**WORK INSTRUCTIONS**:
Leave out the images and output the records word for word.

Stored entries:

++++++++++++++++++++

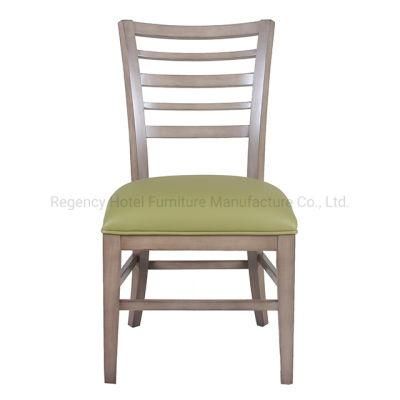Factory Supply Wooden Furniture Modern Solid Oak Furniture Dining Room Chairs for Sale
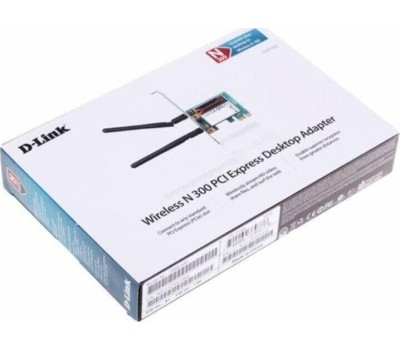 Сетевой адаптер D-LINK DWA-548/C1A
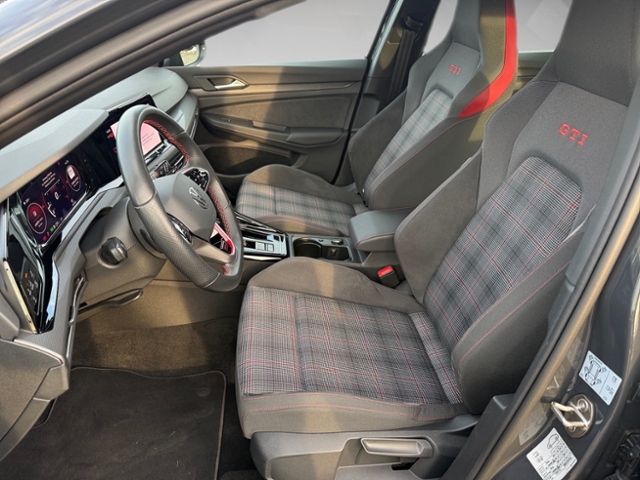 Golf VIII 2.0 TSI GTI DSG LED DAB+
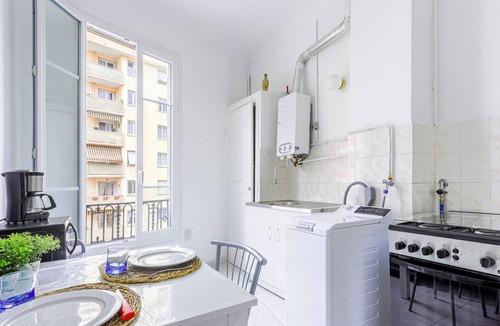 Saint-Sylvestre Apartment | Le Cessole by Interhome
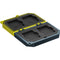 Angelbird Media Tank Case for CF-Express Type B Cards (Yellow)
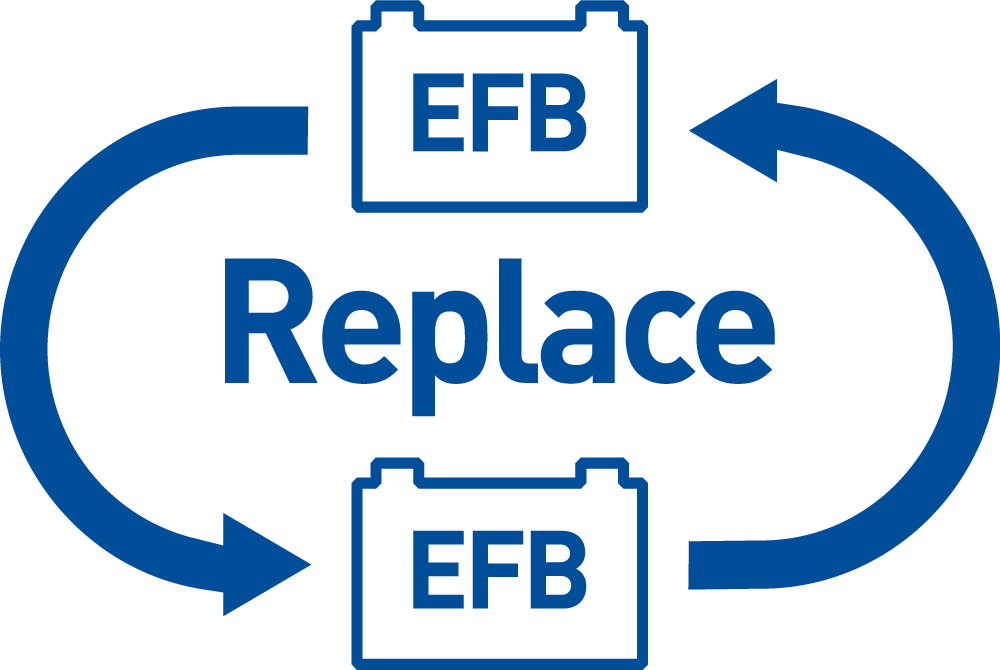 replace efb
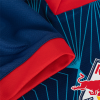 Camisa Red Bull Bragantino Manga Curta Puma 25/26 Torcedor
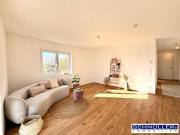 Moderne 3 Zimmer Wohnung in exklusivem Wohnhaus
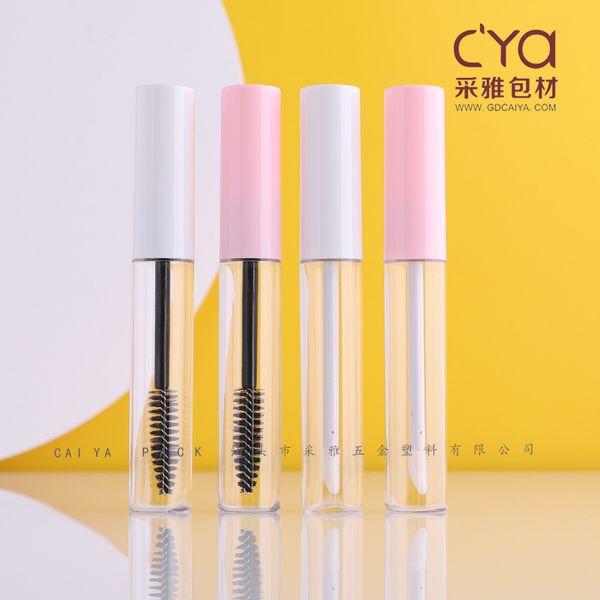 factory wholesale 10ml round lip gloss white, pink, transparent mascara, lip glaze, air tube, bottled style.
factory wholesale 10ml round lip gloss white, pink, transparent mascara, lip glaze, air tube, bottled style.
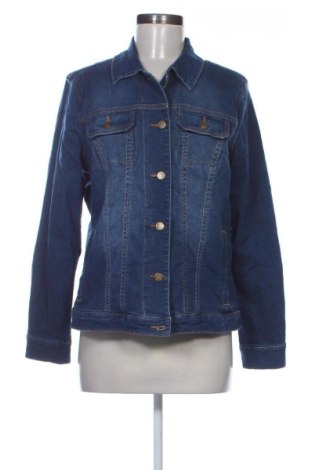 Női dzseki Smk Denim & Co, Méret L, Szín Kék, Ár 5 349 Ft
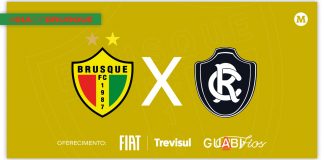 Brusque x Remo Série B tempo real jogo do brusque jogo do remo minuto a minuto lance a lance ao vivo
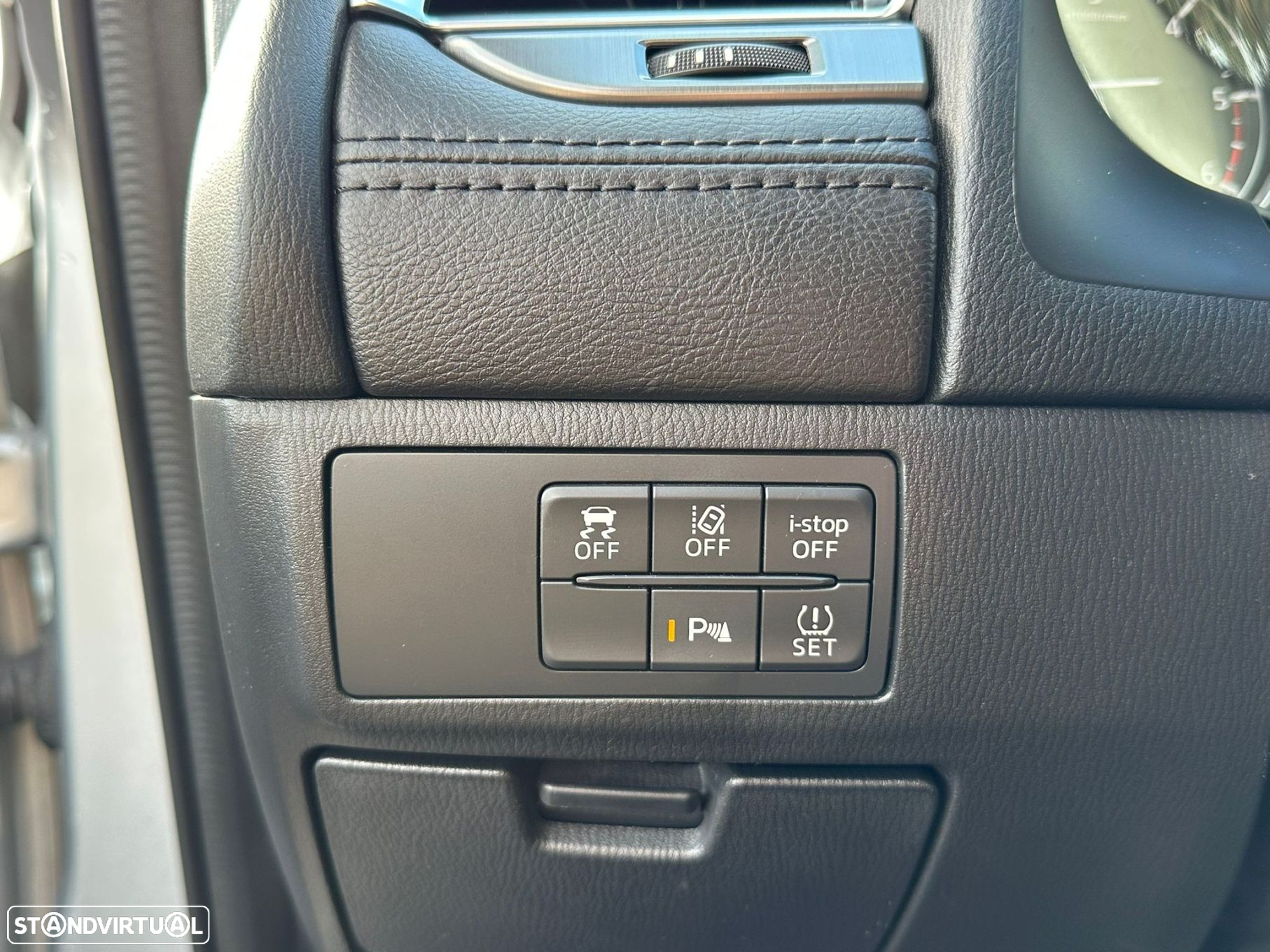 Mazda 6 M6 SW 2.2 SKY-D Excellence Navi - 8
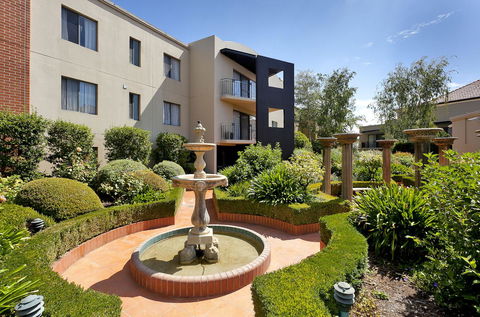 AAC Apartments - Griffin - Darwin Holiday 0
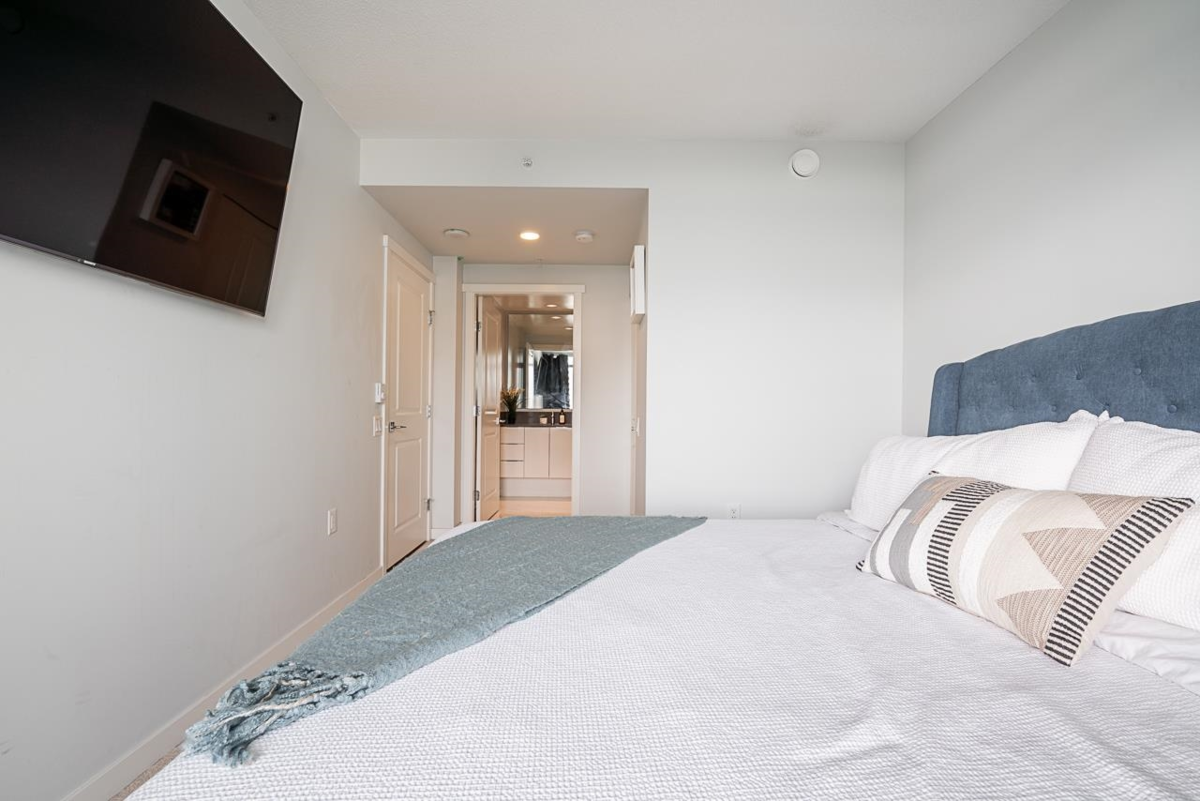 Loft / Bonus Room Photo of 1601 2388 Madison Avenue, Burnaby, BC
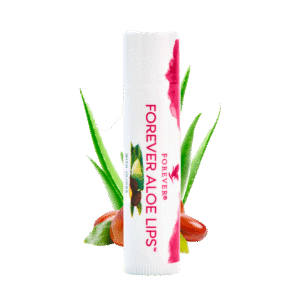 bálsamo labial natural Aloe Lips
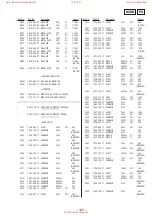 Предварительный просмотр 83 страницы Sony HCD-DR7AV Service Manual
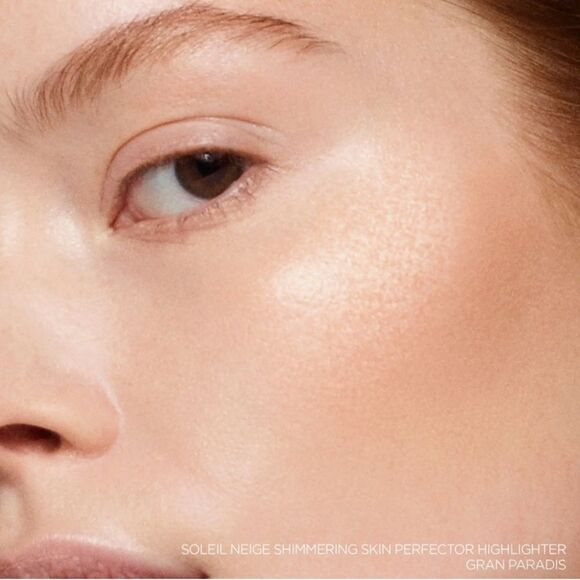 Tom ford grand paradis Soleil beige glow highlighter new in box - Picture 2 of 3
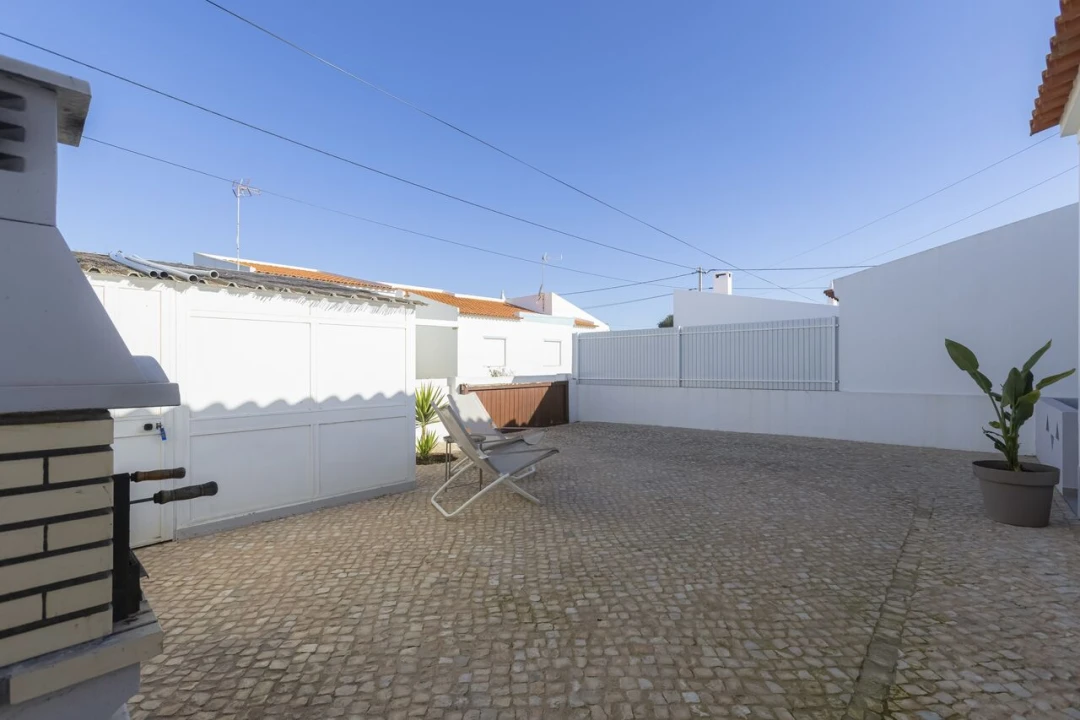 Moradia T3 para Venda em Vila de Sagres Foto 26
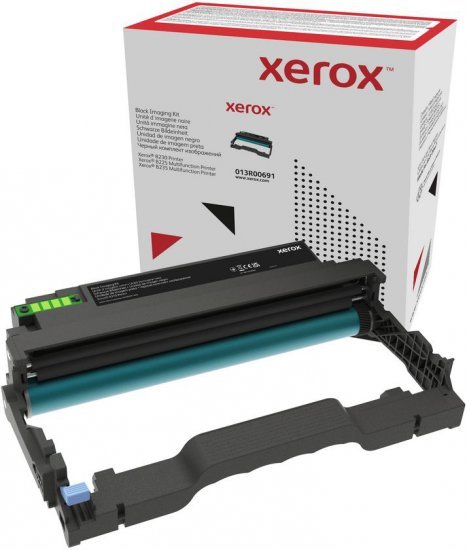 תוף מקורי 013R00691 למדפסות Xerox B230/B225 / B235
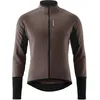 Image de Gonso Road Jacket Softshell 2 M, Veste de cyclisme pour homme, Veste Softshell hydrofuge, Coupe-vent, G-Shell pour une isolation thermique optimale, Coupe ajustée, Sans PFC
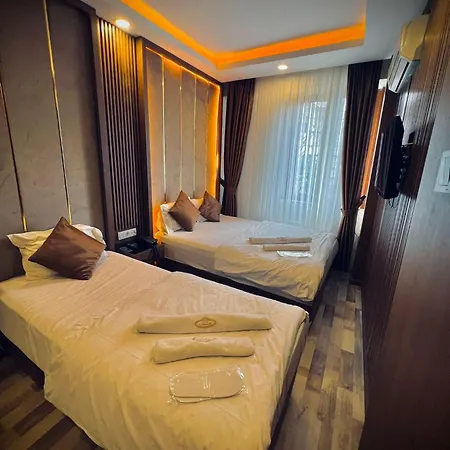 Liman Hotel-3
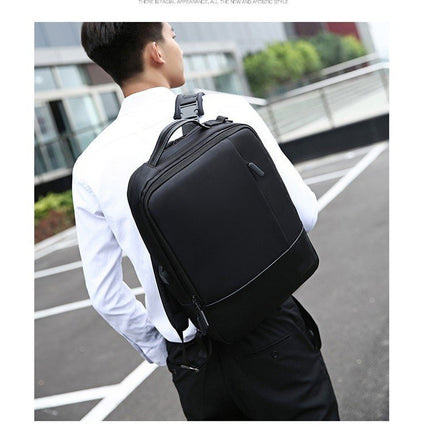 Business Men Backpacks Women Backpacks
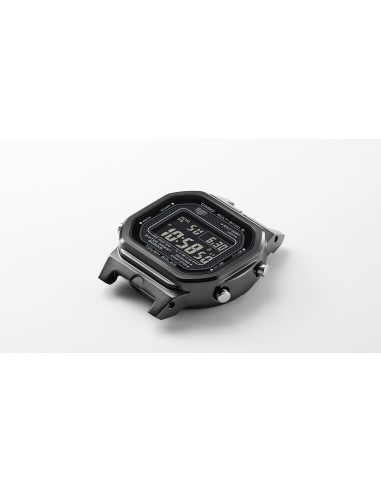 radiocontrol solar hombre Casio G-Shock GW-5000HS-1JF JDM 42,8mm 200m WR Hecho en Japón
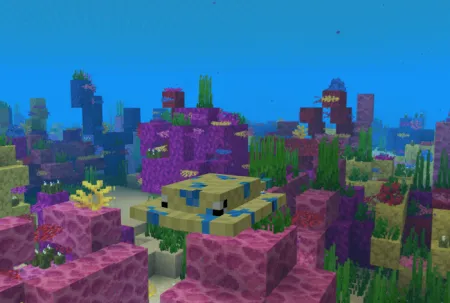 Animals++ Addon pic 3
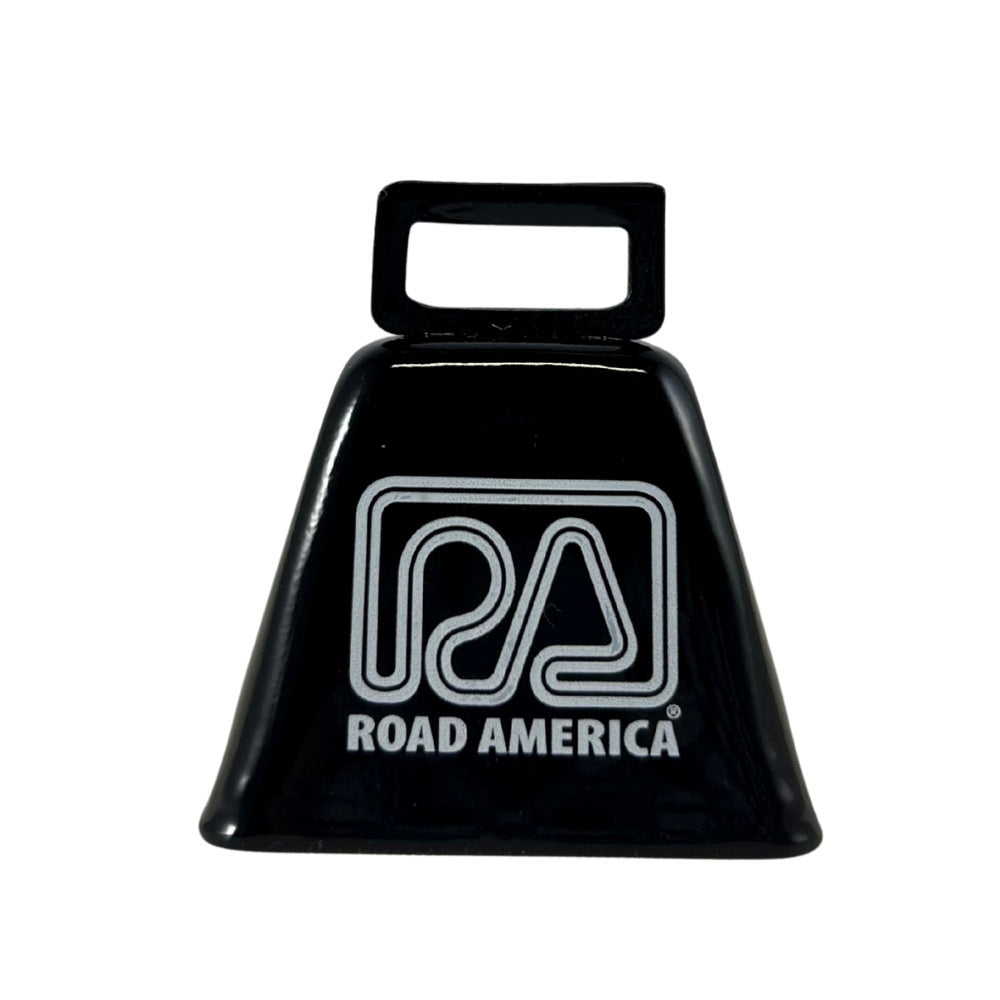 RA Small Cowbell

++++++++++++++++++++

**OUTPUT FOR THIS TASK**:
Factory Supply Wooden Furniture Modern Solid Oak Furniture Dining Room Chairs for Sale
 Сетевой адаптер D-LINK DWA-548/C1A
 Golf VIII 2.0 TSI GTI DSG LED DAB+
 Saint-Sylvestre Apartment | Le Cessole by Interhome
 Angelbird Media Tank Case for CF-Express Type B Cards (Yellow)
 replace efb
 Camisa Red Bull Bragantino Manga Curta Puma 25/26 Torcedor
 Moderne 3 Zimmer Wohnung in exklusivem Wohnhaus
 factory wholesale 10ml round lip gloss white, pink, transparent mascara, lip glaze, air tube, bottled style.
factory wholesale 10ml round lip gloss white, pink, transparent mascara, lip glaze, air tube, bottled style.
 Női dzseki Smk Denim & Co, Méret L, Szín Kék, Ár 5 349 Ft
 Brusque x Remo Série B tempo real jogo do brusque jogo do remo minuto a minuto lance a lance ao vivo
 Mazda 6 M6 SW 2.2 SKY-D Excellence Navi - 8
 AAC Apartments - Griffin - Darwin Holiday 0
 Loft / Bonus Room Photo of 1601 2388 Madison Avenue, Burnaby, BC
 bálsamo labial natural Aloe Lips
 Предварительный просмотр 83 страницы Sony HCD-DR7AV Service Manual
 Tom ford grand paradis Soleil beige glow highlighter new in box - Picture 2 of 3
 Moradia T3 para Venda em Vila de Sagres Foto 26
 תוף מקורי 013R00691 למדפסות Xerox B230/B225 / B235
 Image de Gonso Road Jacket Softshell 2 M, Veste de cyclisme pour homme, Veste Softshell hydrofuge, Coupe-vent, G-Shell pour une isolation thermique optimale, Coupe ajustée, Sans PFC
 Liman Hotel-3
 Business Men Backpacks Women Backpacks
 radiocontrol solar hombre Casio G-Shock GW-5000HS-1JF JDM 42,8mm 200m WR Hecho en Japón
 Animals++ Addon pic 3
 RA Small Cowbell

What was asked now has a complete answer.